Is it time for a change or a growth in my Bible study and the way I view my faith?
What are the lurking problems, which still plague me?
Am I as thoughtful and forgiving of family as others, or do I take my frustrations out on them?
Do I speak up for the maligned and oppressed, or do I remain silent in order to remain popular?
I thought these were very pertinent questions that would help us to get back on track if we’ve veered off and become self-focused or world-focused instead of Christ-focused. Our relationships are so important. And meditating on these thoughts and keeping them in mind should help us to improve and strengthen our relationships with God and with others.
On Easter Sunday morning, I load up their Easter baskets with all the goodies and set them on the kitchen table. I still make baskets for the older kids, too, so we have ten baskets taking up all the space on the table every Easter morning. As the kids get up I let them go through their baskets to see what they got, and unlike our Christmases, everything they get in their baskets is a surprise to them. I usually get them a new Bible, a book that teaches something about God, a DVD that is Bible-based or has a good moral, or is by a Christian comedian and lots of good candy! There are usually fun little things that I find that I know different ones of the kids will like that I include in their baskets.

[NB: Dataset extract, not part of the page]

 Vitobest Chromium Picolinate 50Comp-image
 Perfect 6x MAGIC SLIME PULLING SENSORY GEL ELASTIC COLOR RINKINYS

If I have made a garden tomb centerpiece, then we look for the body of Jesus. I wrote a post about how we make a garden tomb and what we do with it right here.
Then we have an Easter egg hunt. I have usually bought nice, new dresses for the younger girls and a nice outfit for Garrett. They wear those during the day. We make Resurrection Rolls and talk about how the body of Jesus started out in the tomb, but when the women came to mourn, his body wasn’t there.
We read Benjamin’s Box and go through the Resurrection Eggs, too, sometimes. Each egg contains something that is a symbol of Easter.
I fix a nice dinner that we all eat together. And that’s pretty much what we do to celebrate Easter.